On Friday, the S&P 500 Index finally showed sign of rationality and took a 3.6% dive. The main reason behind this is the increase in the 10-year treasury bond which causes high yield stocks to become less attractive comparing to bonds. Naturally, this caused some fluctuations in the market and most securities dropped about 3-5%. On Monday, the same action accord and we could observe a huge selloff in almost every company and no sector was forgotten.
Investors should know that this small correction is totally normal, since bonds now yield more and can compete with stocks as an asset. However, while the VIX index shows sign of fear, souring more than 114% during the last days, the economy is doing well. Companies are making money and increased interest rates are normally a sign of high confidence is the economy. In total, this correction is nothing more than wanted and healthy for the S&P 500 Index.
As with any correction, almost every security take a somewhat dive of random size. Observant investors should look for high quality companies trading at a fair price. Right now, a few companies look attractively priced at the moment.
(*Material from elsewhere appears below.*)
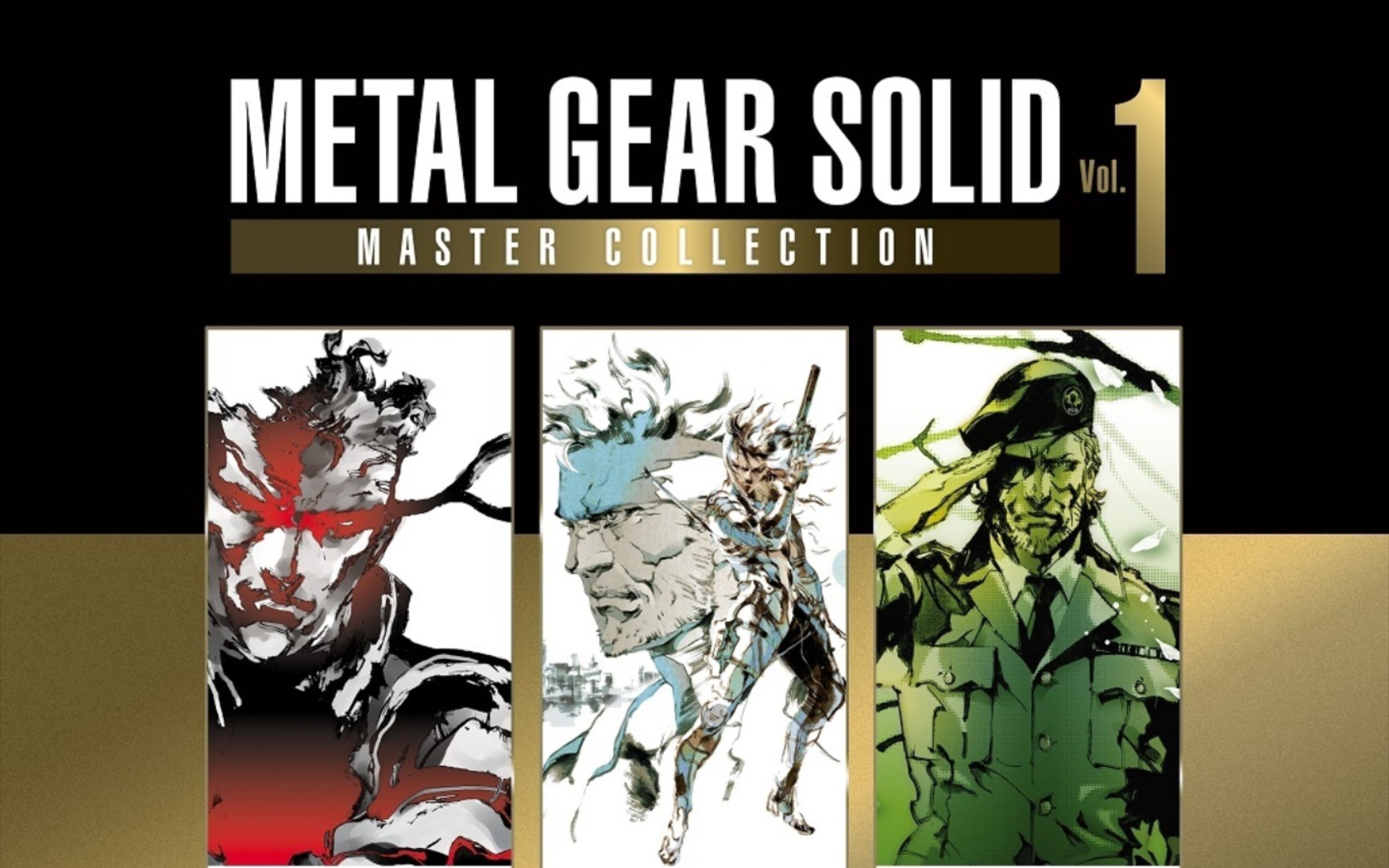 《合金装备：大师合集 》——潜入经典，重温传奇-未玩VIGAME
Berkshire Hathaway (NYSE:BRK.B) dropped from $216 and closed at $204 on Monday. Warren Buffett has said that he will most definitely buy the stock if the price to book (P/B) ratio reaches 1.2. As we speak, the P/B ratio is 1.59. During the past 13 years, the highest P/B ratio was 1.90 and the lowest being 0.79. The median is 1.36 so investors might wait a bit before digging in. But, this company is a timeless holding and with Warren Buffet, the greatest investors of all time as the captain, few things could wrong with this conglomerate.
Another company which investors should notice is the famous REIT Realty Income Group (NYSE:O), also called “The Monthly Company”. Realty Income Group is famous for rewarding its shareholders with a sound dividend yield as well as increased fundamental return. Since listing in 1994, the compounded annual total return has been 16.3%. As if that wasn’t enough, the company has had 570 consecutive monthly dividend payments. Right now, the stock trades at the historical 10-year average, meaning that this might be a reasonable time to look closer into this dividend machine.
The author owns stocks in Realty Income Group as a long-term holding.